Original research — formal tools, behavioral taxonomies, and governance frameworks that shape the industry and feed directly into operational capability.
When multiple AI governance policies conflict simultaneously, how should a system decide which wins? Claw answers this with mathematical precision — using Dung's Abstract Argumentation Frameworks to compute defensible, auditable policy resolutions with full reasoning chains.
Enterprise AI deployments face a governance challenge existing tools cannot solve: policy signals contradict each other in real time. A content safety policy says block. A compliance policy says pass. A context policy flags for review. The system must decide — and the decision must be auditable, defensible, and explainable to a regulator or incident responder.

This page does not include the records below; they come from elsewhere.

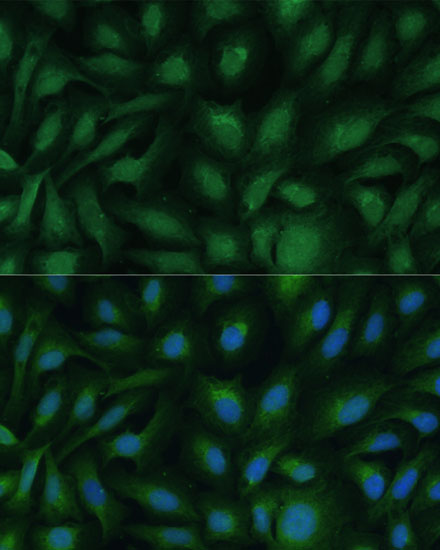 Anti-COG2 Antibody (CAB6251)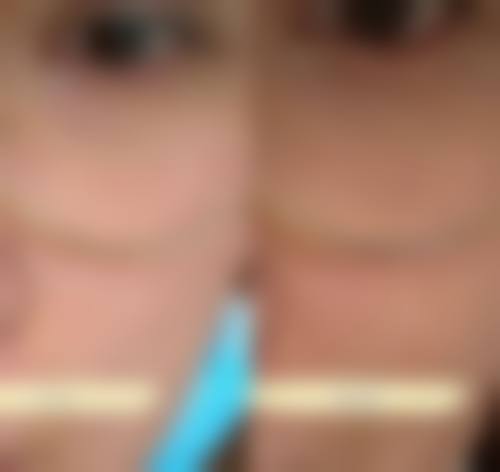 四、宁夏中卫薇悦美医疗美容诊所特色项目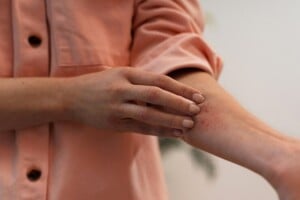 Herpes-Foto-Freepik-300x200-1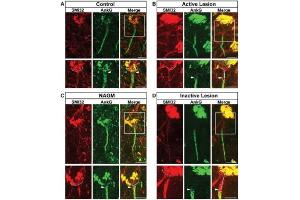 Representative cortical layer 5/6 pyramidal neurons from control, (B) active MS lesion, (C) NAGM, (D) inactive MS lesion tissues immunolabelled with anti-SMI32, and their AIS immunolabelled with anti-AnkG.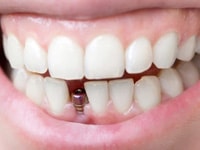 варианты имплантации зубов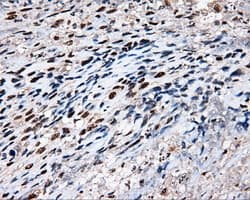 Monoclonal Mouse anti-Human TLDC1 / KIAA1609 Antibody (clone OTI5D9, IHC, IF, WB)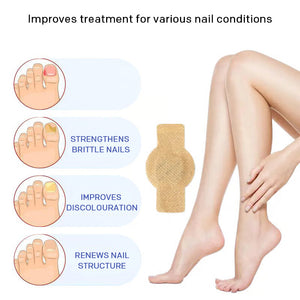 Onychomycosis stickers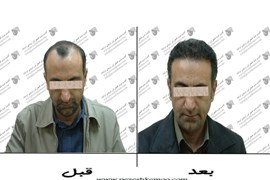 کاشت موی طبیعی
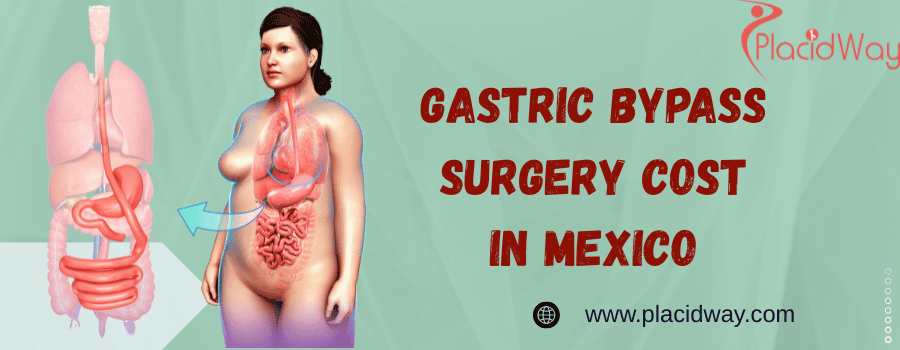 gastric bypass surgery cost in Mexico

Claw's core contribution applies Dung's Abstract Argumentation Frameworks (AAF) to the AI governance layer. Each policy signal becomes an argument. Attack relations encode logical relationships between conflicting policies. The engine computes extensions — grounded, preferred, and stable — representing sets of arguments that survive mutual scrutiny. The grounded extension provides the skeptical, most conservative resolution; preferred extensions identify all defensible positions.
This is not a rule engine. It is a formal reasoning system that explains why a particular resolution was reached, traces which arguments defeated which, and produces a complete reasoning chain suitable for audit logs and incident response documentation.
Claw operates as an MCP (Model Context Protocol) server, placing a governance gateway between AI agents and their execution environment. Incoming requests pass through four stages: PII scanning, OPA policy evaluation (Rego-based rules against the policy corpus), argumentation resolution (AAF extension computation for conflicting signals), and context masking before the model layer.
Claw ships with a Manifest V3 browser extension tested on Chrome, Edge, Brave, and Firefox — rendering OPA decision states, PII scan results, and argumentation outcomes inline during browser-based AI interactions.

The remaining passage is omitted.